Ordinary income has been held to include income from providing personal services, income from property and income from carrying on a business. Other characteristics of income that have evolved from case law include receipts that:
· are earned
· are expected or relied upon
· have an element of periodicity, recurrence or regularity
· replace income.
A compensation amount normally assumes the nature of that which it is designed to replace. If the compensation is paid for the loss of a capital asset or amount, then it will be regarded as a capital receipt and not ordinary income.
Your compensation amount is to be paid under sections 24 and 27 of the SCRA 1988. The payment you will receive, if you choose to accept this proposal, is to compensate you for the injury and non-economic loss incurred by you.
The lump sum amount is designed to compensate for the injury and non-economic loss you sustained as a result of an injury. Compensation for personal injury has always been characterised as capital in nature and not assessable under any section of the tax legislation.

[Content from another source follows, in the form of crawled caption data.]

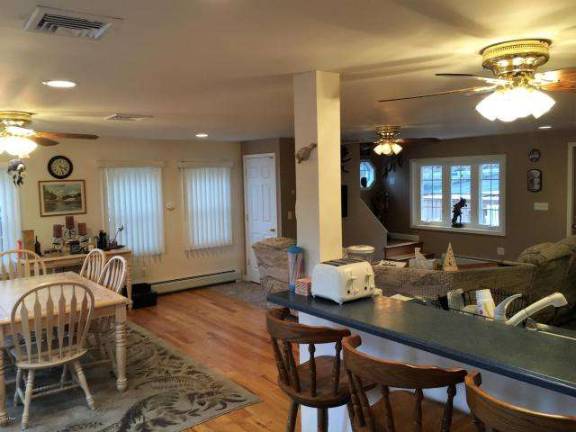 Contemporary on the lake has it all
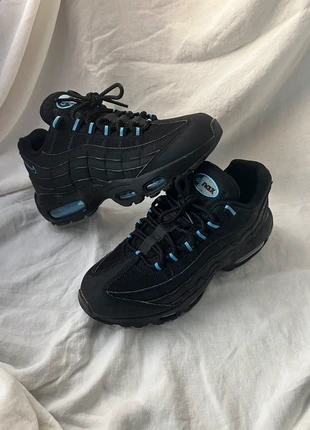 nike air max 95 laser blue, marca: Nike, estado: Muito bom, tamanho: 38,5, €95.00, €100.45 inclui Proteção do Comprador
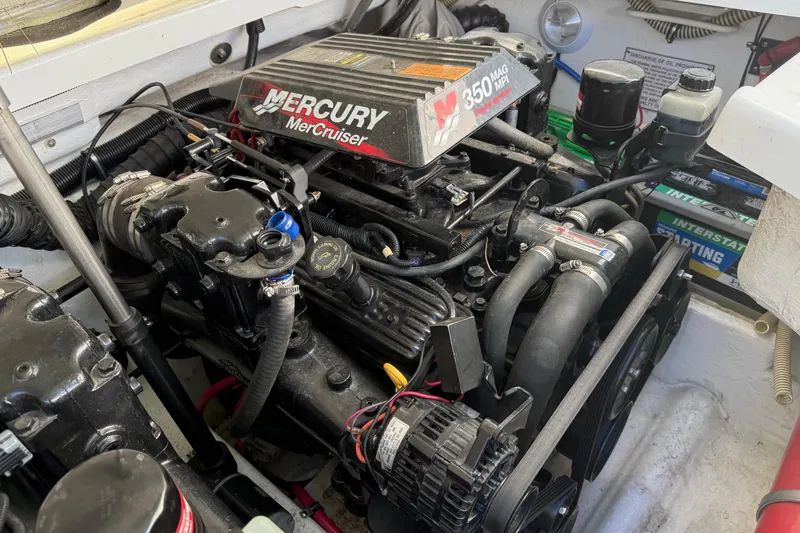 Slide: The Image of Engine of a 2000 Formula 280 Sun Sport boat with Mercury MerCruiser 350 MAG MPI. - 26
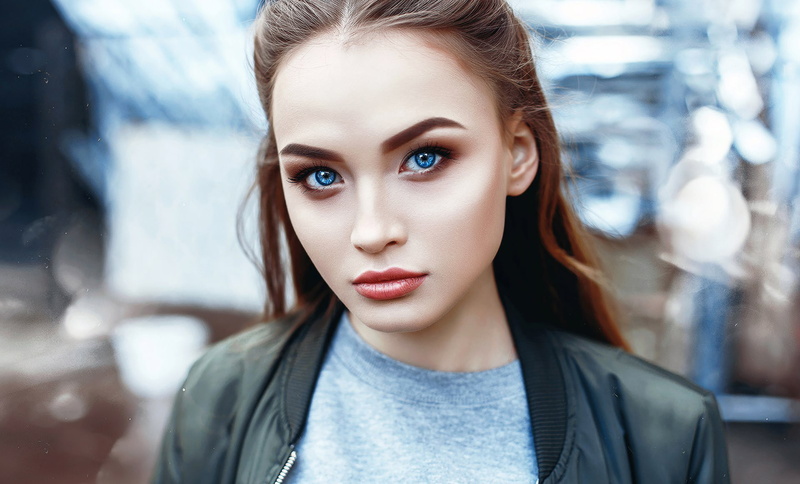 beautiful people, close-up, hairstyle, headshot, hair, young adult, Anastasia Lis, blue eyes, beauty, brunette, front view, face, casual clothing, focus on foreground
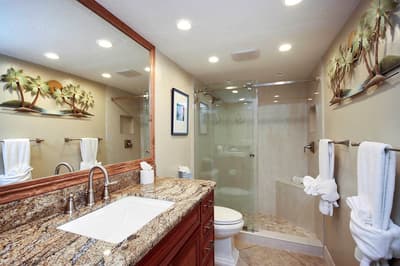 Beach Villa 2313, Upscale and Beautiful Beach Front Condo with Gorgeous Gulf Sunsets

As such, the settlement amount you received is not assessable as ordinary income under section 6-5 of the ITAA 1997.
Statutory income is amounts that are not ordinary income but are included in assessable income by another provision. Section 102-5 of the ITAA 1997 provides that assessable income includes net capital gains for the income year. However, a capital gain made where the amount relates to compensation or damages you receive for any wrong, injury or illness you suffer personally is disregarded, paragraph 118-37(1)(b) of the ITAA 1997.
Accordingly, the settlement amount you received is not assessable as statutory income under section 6-10 of the ITAA 1997.
As the settlement amount you received is not assessable as either ordinary income or statutory income, no part of it is included in your assessable income.